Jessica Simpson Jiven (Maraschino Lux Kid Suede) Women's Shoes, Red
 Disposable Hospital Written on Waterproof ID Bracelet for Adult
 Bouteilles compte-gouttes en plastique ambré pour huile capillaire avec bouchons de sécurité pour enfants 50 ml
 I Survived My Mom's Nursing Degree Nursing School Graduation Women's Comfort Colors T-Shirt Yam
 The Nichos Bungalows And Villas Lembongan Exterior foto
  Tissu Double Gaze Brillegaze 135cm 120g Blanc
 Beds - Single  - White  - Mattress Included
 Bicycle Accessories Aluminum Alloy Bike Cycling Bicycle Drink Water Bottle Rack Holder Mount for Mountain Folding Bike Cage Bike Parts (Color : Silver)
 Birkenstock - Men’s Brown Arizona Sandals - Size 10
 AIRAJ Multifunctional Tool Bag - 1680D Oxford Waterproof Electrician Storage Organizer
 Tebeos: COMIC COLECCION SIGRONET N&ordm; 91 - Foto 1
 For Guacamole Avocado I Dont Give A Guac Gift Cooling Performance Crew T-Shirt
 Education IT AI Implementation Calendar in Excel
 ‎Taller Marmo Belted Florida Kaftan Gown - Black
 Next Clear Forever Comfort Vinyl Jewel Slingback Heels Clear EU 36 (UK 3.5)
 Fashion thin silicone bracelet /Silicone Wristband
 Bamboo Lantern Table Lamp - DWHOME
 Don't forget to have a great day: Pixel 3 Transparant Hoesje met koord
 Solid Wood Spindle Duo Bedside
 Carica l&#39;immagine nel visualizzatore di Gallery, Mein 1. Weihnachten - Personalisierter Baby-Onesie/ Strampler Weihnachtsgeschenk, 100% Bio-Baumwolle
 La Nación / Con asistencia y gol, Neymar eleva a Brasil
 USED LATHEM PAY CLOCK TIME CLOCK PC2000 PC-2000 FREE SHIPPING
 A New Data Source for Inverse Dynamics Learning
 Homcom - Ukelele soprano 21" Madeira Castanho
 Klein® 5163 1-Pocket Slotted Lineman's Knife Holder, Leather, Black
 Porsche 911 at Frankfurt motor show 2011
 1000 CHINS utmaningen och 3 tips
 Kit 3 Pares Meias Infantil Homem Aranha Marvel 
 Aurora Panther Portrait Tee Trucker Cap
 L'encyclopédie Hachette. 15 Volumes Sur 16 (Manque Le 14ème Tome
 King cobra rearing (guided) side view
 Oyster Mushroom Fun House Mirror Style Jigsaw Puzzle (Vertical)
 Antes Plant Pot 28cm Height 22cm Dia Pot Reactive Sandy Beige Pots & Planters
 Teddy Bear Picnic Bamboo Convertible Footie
◇ ◇ ◇
EXERCISE: Every line of the listing that includes the word "Black" forms the answer.

ANSWER AREA:
 ‎Taller Marmo Belted Florida Kaftan Gown - Black
 Klein® 5163 1-Pocket Slotted Lineman's Knife Holder, Leather, Black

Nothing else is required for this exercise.